__TRY IT__. Only the lines from the one containing "MAȘINĂ CU TELECOMANDĂ" through the last line below belong in your copy; transcribe them exactly and omit any pictures.

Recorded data

################

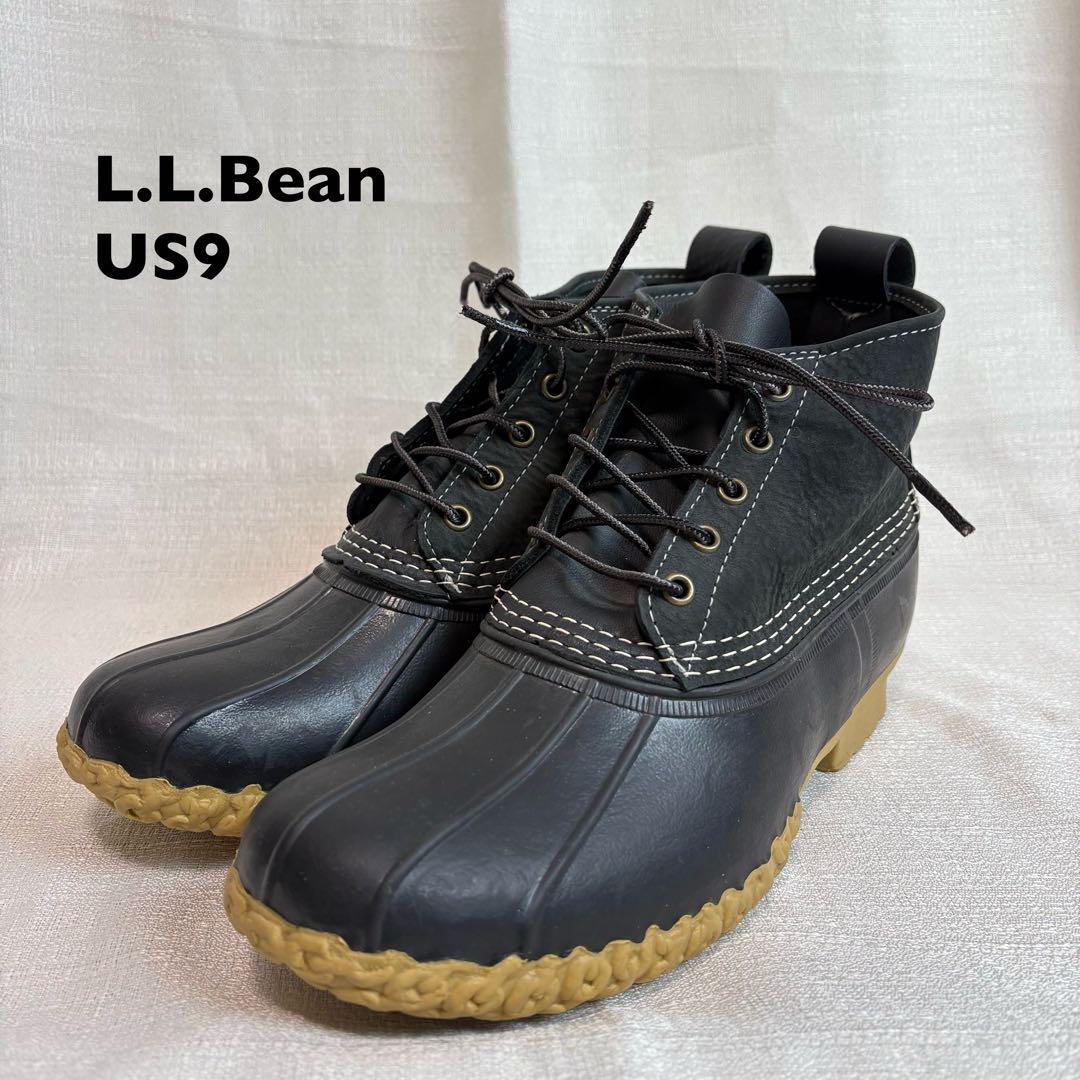 L.L.Bean ビーンブーツ　6インチ　ガムシュー　5ホール　試着のみ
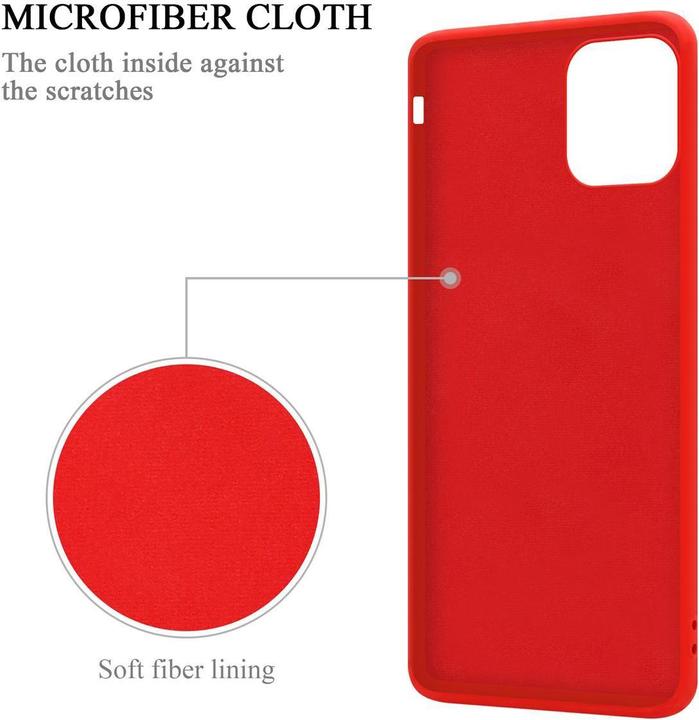 Image du produit Cadorabo TPU Liquid Ring Silicone Case Cover (Apple iPhone 11)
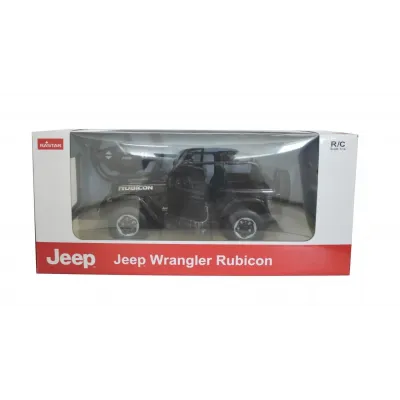 MAȘINĂ CU TELECOMANDĂ JEEP WRANGLER RUBICON SCARA 1 LA 14
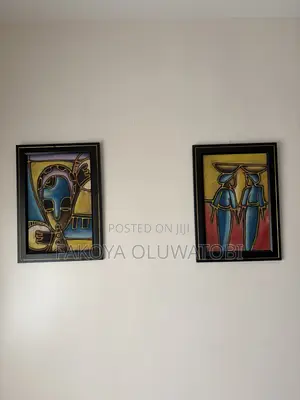 Painting Art Work - Accent Wall Frames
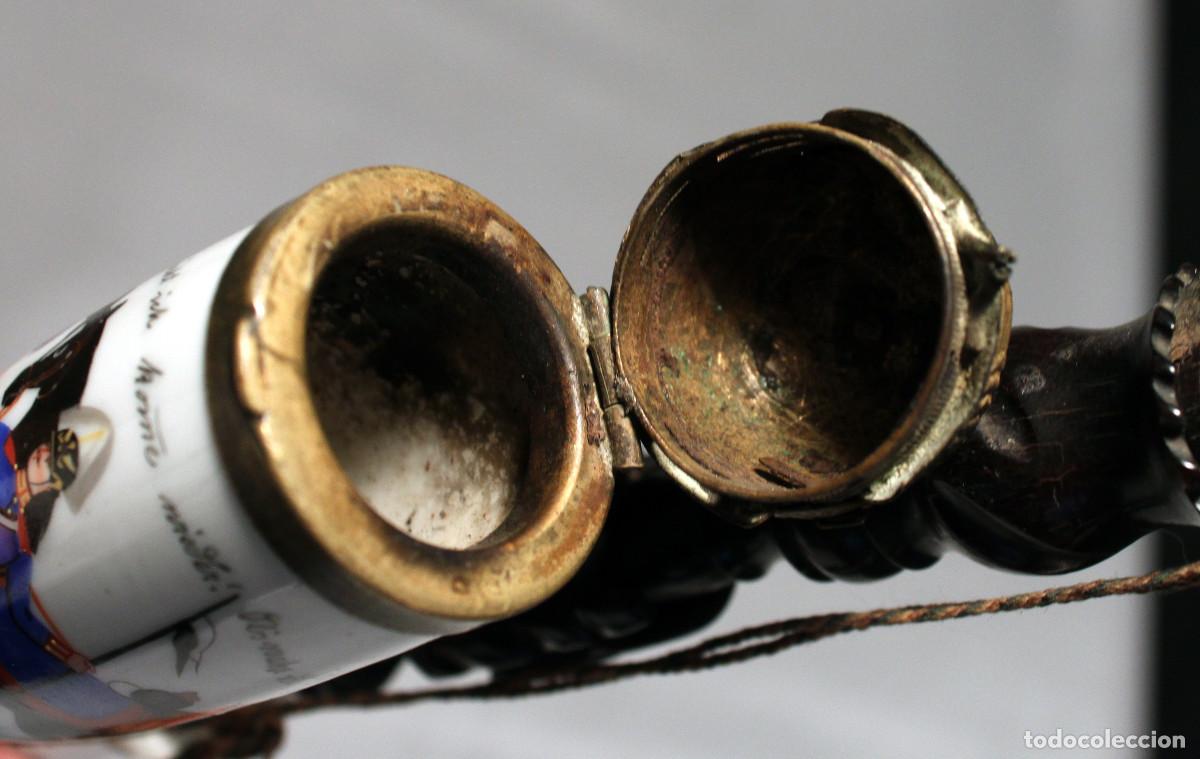 Pipas de fumar: Pipa regimental prusiana - Foto 13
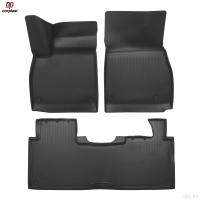 Коврики салона для Avatr 11 (2022-2025) (4-х местный) № NPA11-C157-110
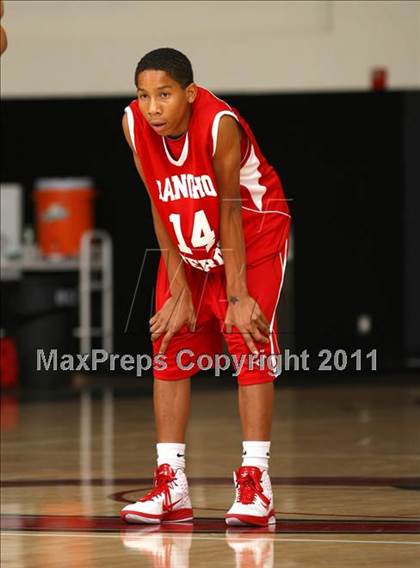 Thumbnail 3 in Etiwanda vs. Rancho Verde (Oaks Christian Tournament) photogallery.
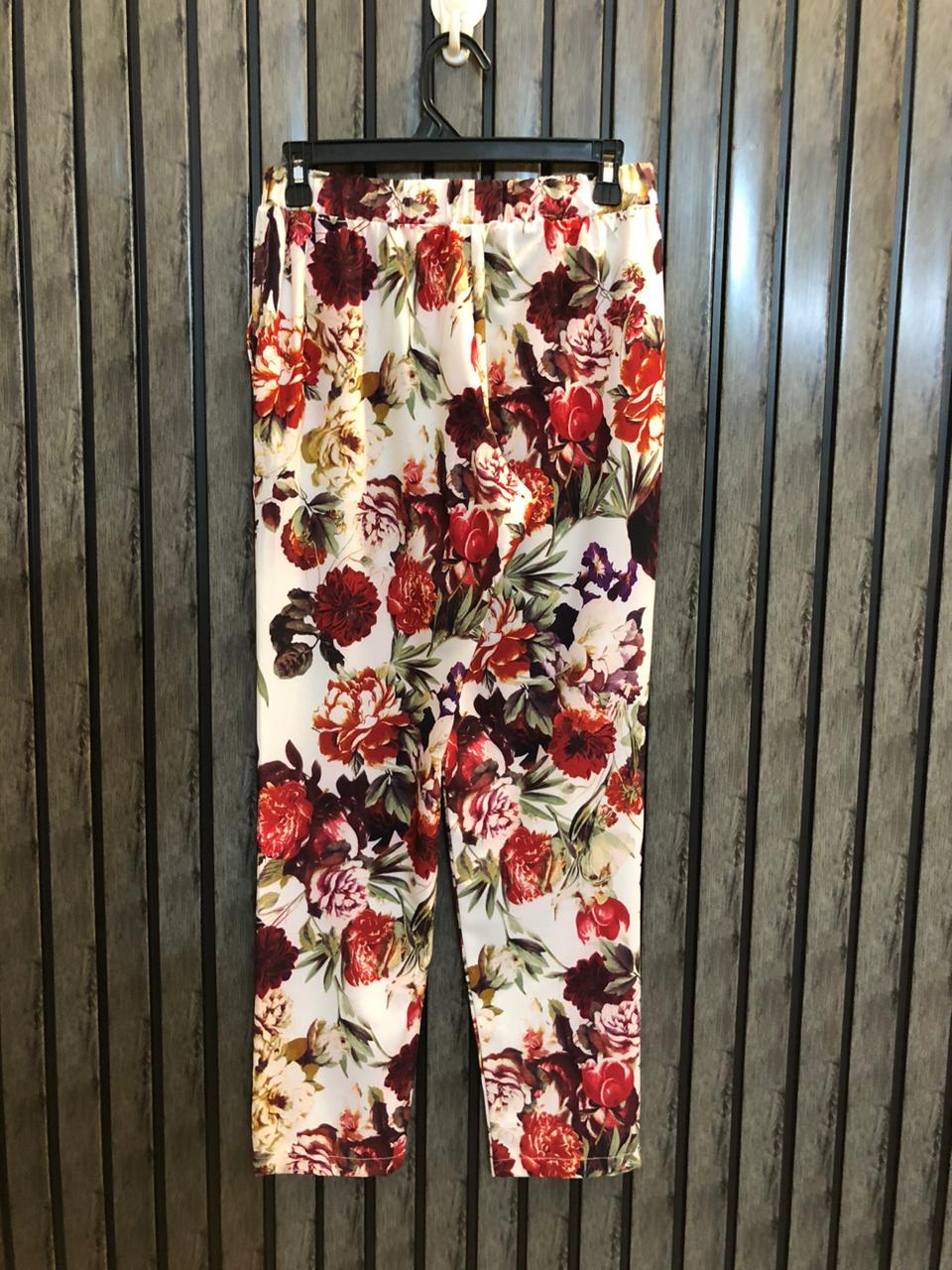 Waist 32  Lenght 36  Fabric silk Western Glow Trousers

################

__OUTPUT OF THE TASK__.
 MAȘINĂ CU TELECOMANDĂ JEEP WRANGLER RUBICON SCARA 1 LA 14
 Painting Art Work - Accent Wall Frames
 Pipas de fumar: Pipa regimental prusiana - Foto 13
 Коврики салона для Avatr 11 (2022-2025) (4-х местный) № NPA11-C157-110
 Thumbnail 3 in Etiwanda vs. Rancho Verde (Oaks Christian Tournament) photogallery.
 Waist 32  Lenght 36  Fabric silk Western Glow Trousers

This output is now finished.